CCLBS also examined additional demographics characteristics and found that workers recruited later in the day were more likely to complete the survey using cellphones and to be of an Asian American ancestry. Moreover, they found that participants were more likely to be Asian on Wednesdays, and more likely to have a full-time job on Sundays, and that single participants were more likely to complete the survey later in the day.

Finally, AKR examined a range of incentivized economic behaviors: various measures of prosociality (Prisoner’s Dilemma, Dictator Game, a charitable giving decision, and an honesty task where participants could lie to earn more money), third party punishment, and intertemporal choice.

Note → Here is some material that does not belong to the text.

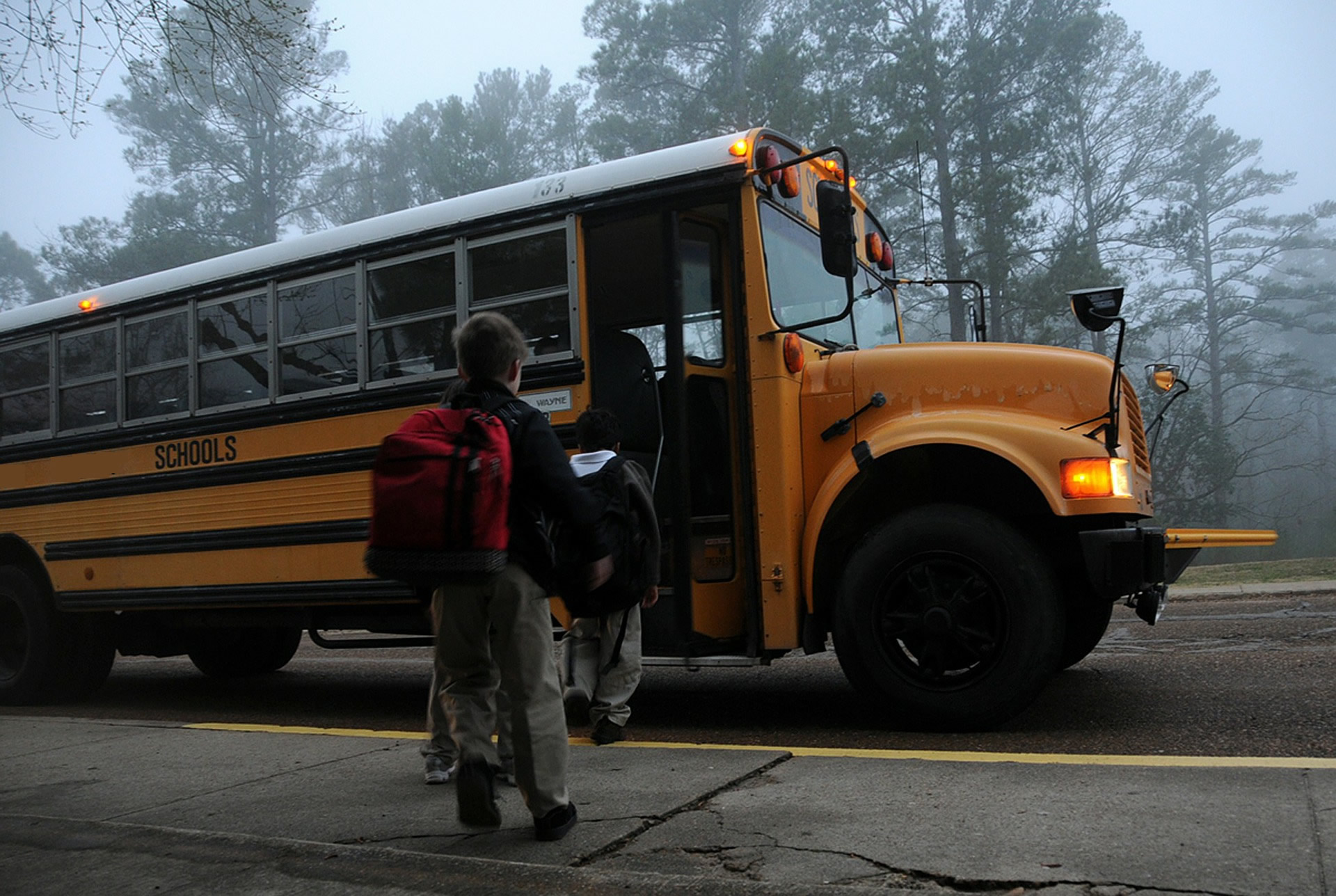 students boarding school bus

They found no significant day or time differences in behavior, except that participants late at night donated more money to charity (and took longer to complete the study). They also found that that participants on the weekends failed comprehension questions more often.

Early responders are different from late responders.

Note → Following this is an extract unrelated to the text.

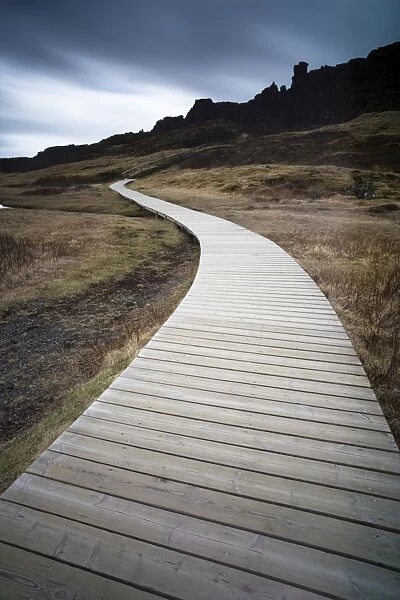 Boardwalk meandering towards rugged cliffs and stormy sky at Thingvellir National Park near Reykjavik, Iceland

Both studies found that workers who participated earlier in the data collection process were substantially more experienced, and tended to score higher on the big-5 personality dimension of agreeableness.

CCLBS also found that participants tend to be older, more likely to have a full-time job, more likely to be Asian American, less neurotic, more conscientious and more likely to be male earlier in the data collection process. And AKR found that early participants are more likely to pass comprehension questions correctly, to be more deliberative (i.e. perform better on the Cognitive Reflection Test), to give less to charity, and to take less time completing the study.

Take-home

These findings have several implications for researchers using MTurk:

First, differences across day and time are most crucial for researchers trying to make point estimates about the worker population (e.g., to understand the average number of completed experiments, opinions about piece work employment or online labor market dynamics). Studies on these topics need a sampling strategy that appropriately weights workers who are online at different times and who have different levels of experience.

Second, there is variation in the impact of study launch time on participant characteristics. Paradigms in which the reported differences are likely to matter should be posted at carefully selected times. For example, studies that rely on workers using a computer (e.g., reaction time studies) are more efficient to run earlier in the day and studies of charitable donations may benefit from larger variance observed in evening populations. Also, complex paradigms for which risk of non-comprehension is high may benefit from more highly experienced, conscientious, and/or reflective participants who are more likely to participate earlier in the day and on weekdays. However, there are paradigms for which timing of the study launch does not seem to have much impact, such as behavior in the simple economic games and decisions examined by AKR. Given the variation observation variation in participant characteristics, we recommend reporting when (time of day and days of week) data is collected from MTurk in the study methods section as a best practice.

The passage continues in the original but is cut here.